Inside The Sun however crashes through the door with a charging drum pattern that ignites opener Keep On Spinnin’. In other hands this song could be a three-minute garage rager, but Comet Control make something different of this energy, drawing on the urgency and insistence through repetition to make this seven minutes of good times. They deploy a couple of deft tricks, phasing and stereo-panning and the odd false-stop which plays against the lyric ‘keep on spinnin’ til you die’. And this is why I say deceptively deep – starting the record with a high-energy song, which on the face of it, isn’t that complicated, but a song that hinges on some very smart writing, and also introduces the life-and-death themes that run through the whole album. 

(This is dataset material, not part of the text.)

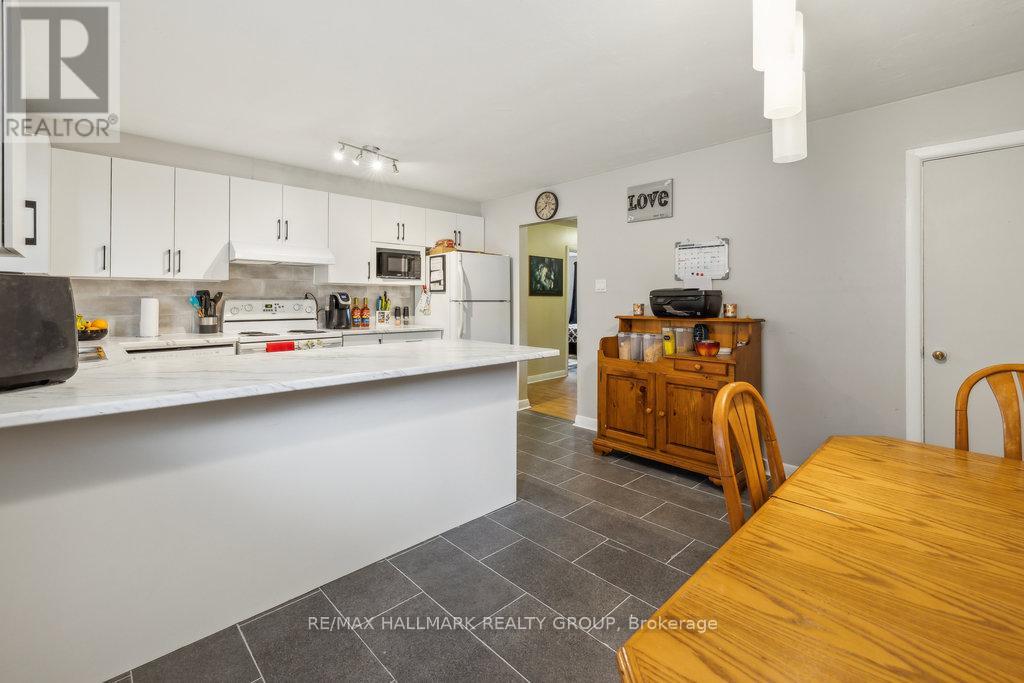 264 Michel Circle, Ottawa, Ontario  K1L 7P9 - Photo 41 - X12926886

Reconciling these extremes is Comet Control’s quiet work, momentum is always pushing on even as the feel is relaxed and vocals sleepy. The vibe is always trip-friendly, no sharp edges to injure your mind on here, but not overly sugary or superficial, lyrics keeping the stakes high, and phasers set to ‘astound’. I must confess that even after several listens Good Day To Say Goodbye does continue to break the spell a little for me, as I can’t but hear a certain Elephant Tree song.

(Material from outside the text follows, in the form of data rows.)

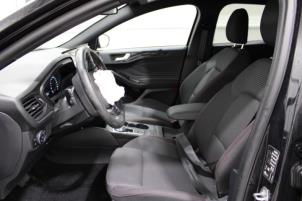 Ford Focus 4 Wagon 1.0 Ti-VCT EcoBoost 12V 125 Épave (2021, Noir)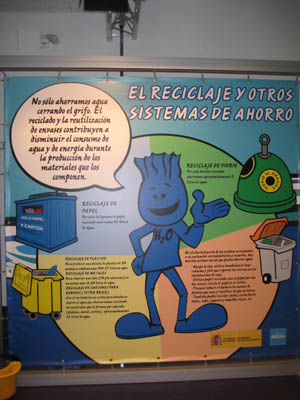 Panel de la exposición con el personaje principal.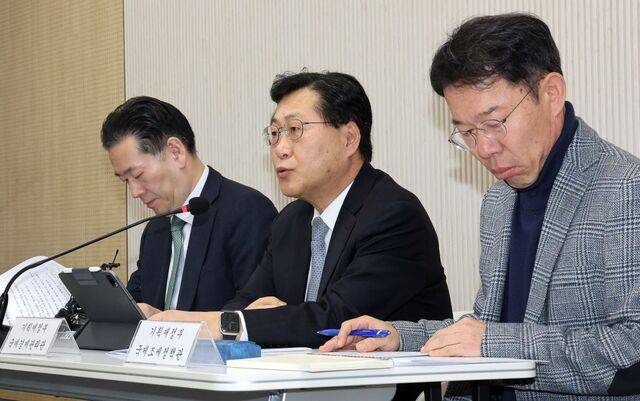 최지영 기획재정부 국제경제관리관(가운데)이 24일 정부세종청사 기재부 기자실에서 국내 투자 및 외환 안정 세제지원 방안에 관해 설명하고 있다. 왼쪽은 박홍기 소득법인세정책관, 오른쪽은 변광욱 국제조세정책관. 연합뉴스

Getting over my own distractions however, this song works to pull back some of the frenzied momentum of the album’s opening, settling into a groove that pushes that energy into tonal weight and finally boils over in a blazing guitar solo. This earthbound blues number sets us up for escaping Earth orbit in the album’s title-track, inviting us to join in an inclusive cosmic evolution – ‘inside the sun there’s space for everyone’. And indeed, the space rock components that had been largely absent thus far are deployed to great effect at this central hinge.

establishes Comet Control as a considerable presence in modern psychedelic rock…

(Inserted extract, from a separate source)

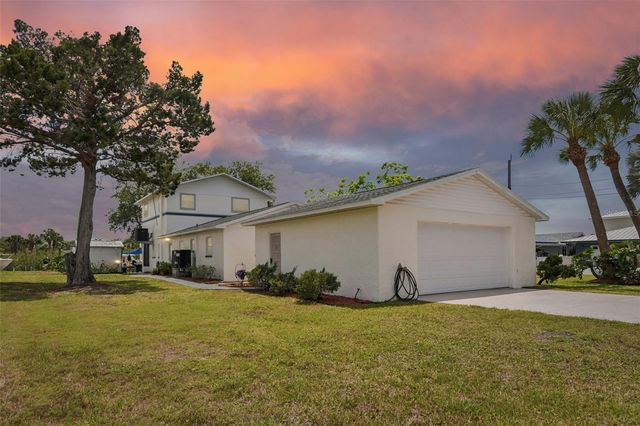 8212 HAYWARD LANE, Port Richey, FL 34668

Tracking against Centre Of The Maze, The Afterlife should be the album’s Golden Rule, but where that song was an ambiguously blissful and sinister bit of blur, The Afterlife offers a paradise vision of pastoral simplicity. Only momentary flashes of psychedelic unease surface – ‘Water’s warm but my face is cold, do you feel alright?’. This feels like a generous piece of guiding, not towards the ‘centre of the maze’, but simply to that place we want to be.

This could be a tempting place to end the story, but Comet Control move us on, revealing the transitory nature of those states of bliss. On into Heavy Moments which balances a bright and open progression against the purposely awkward ‘fluff’ in the chords of the refrain, and hints at some darker realities, as life ‘takes its toll in every way’. This is maybe even the voice of that one who has departed for the afterlife – ‘Were you the last to ever see me? Was I the first to act surprised?’. Finally, The Deserter offers call and response vocals that walk us into celebratory violin runs, reflecting lyrically back to earlier points of the album, and easing us back into our lives.

I was a big Quest For Fire fan and initially a bit unconvinced by Comet Control, working with that legacy behind them, but a stellar performance supporting Earthless in 2018 won me round and had me revisiting their first two records. It was apparently after that tour that writing began on Inside The Sun, and the album provides further evidence of their skill in handling energy, vibe and a clear-eyed lyrical vision, and further establishes Comet Control as a considerable presence in modern psychedelic rock.